Na plenária, dirigentes de seis escolas foram enfáticos: “Só vamos desfilar com a vacina”. E eles estão certos. O carnaval, uma festa feita do congraçamento de pessoas, que é impensável acontecer sem haver aglomeração, só pode acontecer de uma forma segura se todos os foliões estiverem devidamente vacinados. Isso parece possível, mas num futuro muito distante. Não tenho dúvidas que a decisão a ser tomada pela Liga em setembro seja o adiamento. Posso parecer pessimista incrédulo, mas vendo a situação que o Brasil criou para si mesmo, negligenciando a gravidade da pandemia, se surgir uma vacina até o final do ano, será que teremos estoque para imunizar milhões de brasileiros?
É só lembrar que os Estados Unidos, o país com maior número de casos e mortes no mundo todo, usou do seu poderio de nação maior do planeta para comprar 600 milhões de doses de uma vacina contra a Covid-19, produzidas por duas grandes empresas farmacêuticas, ou seja, praticamente todo o estoque. Vocês acham que sobrará uma “dosesinha” para o Brasil? Será que algum multinacional da área farmacêutica e científica dará credito ao mesmo país cujo governante disse que essa era apenas uma “Gripezinha” e faz uma campanha violenta em defesa de um medicamento contra o Coronavírus sem eficácia comprovada?
Todo esse cenário local, nacional e global, só evidenciam que é impossível fazer carnaval em fevereiro. O ideal é que todos os grandes epicentros da festa se reunissem (como propôs o prefeito de Salvados, ACM Neto) para remarcar a realização do carnaval para o meio do ano. Quem sabe em maio, se houver vacina. Mas para não haver maior prejuízo à economia das cidades e, principalmente, para as pessoas das comunidades que dependem das escolas de samba, é crucial que os desfiles não seja adiados em 2022.
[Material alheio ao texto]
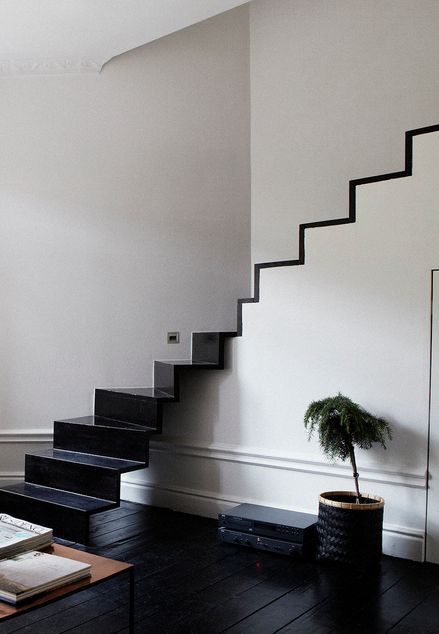 Black and white staircase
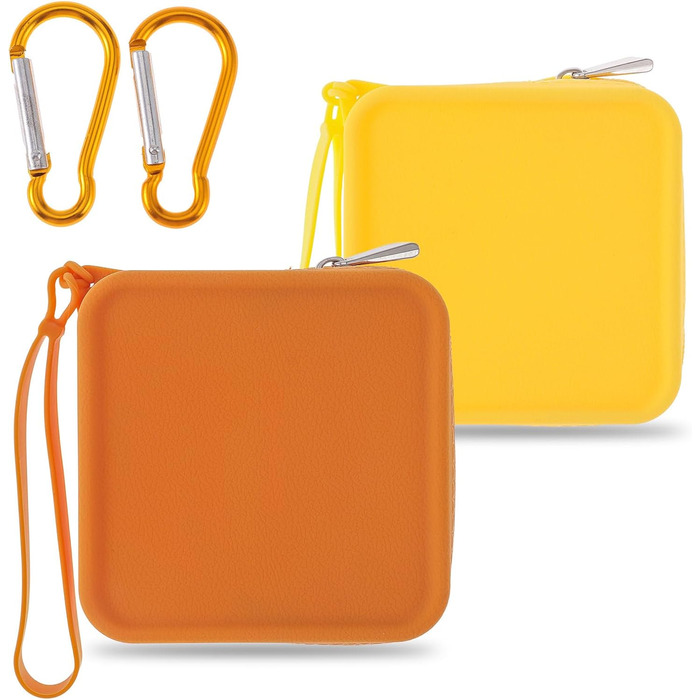 Силіконові пакети для ласощів, 2 шт., жовтий та помаранчевий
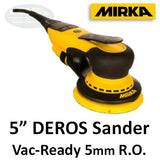 Mirka DEROS 5" Electric Sander 550CV 5mm Vacuum-Ready, MID55020CAUS, 8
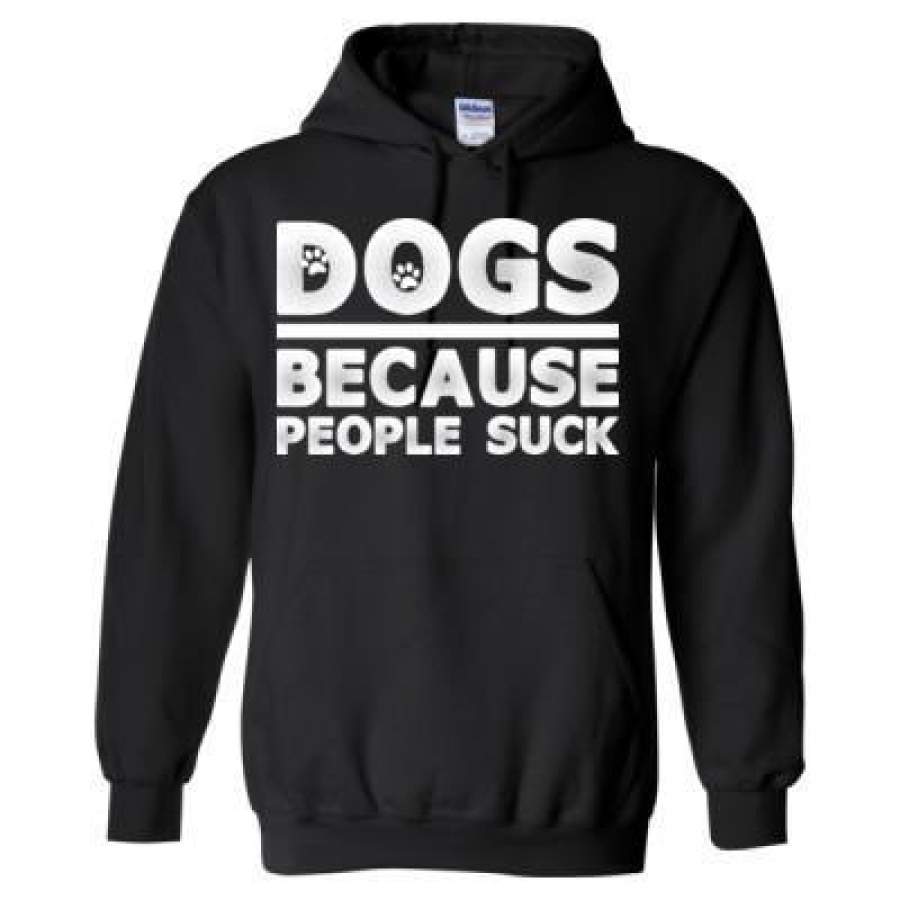 AGR Dogs Because People Suck – Heavy Blend™ Hooded Sweatshirt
É aproveitando a quarentena que espero que as escolas de samba do Rio de Janeiro utilizem esse período, sentem-se no divã e reflitem: o que eu estou fazendo para sobreviver? Será que elas existem para desfilar ou desfilam por que existem? Mais do que nunca, a hercúlea missão para evitar a própria extinção deve partir, inicialmente, delas mesmas, sem esperar que a ajuda desça do céu. E até o que cai do céu, em dia de desfile, costuma dar muita dor de cabeça aos carnavalescos e diretores de harmonia.
Carnaval é Cultura, traz benefícios à economia da cidade e ao bolso de quem vive nas comunidades. Dessa forma, seu fim deve ser evitado a todo custo. Até mesmo por quem não gosta da festa, mas que é o primeiro a comemorar a entrada de dinheiro nos cofres.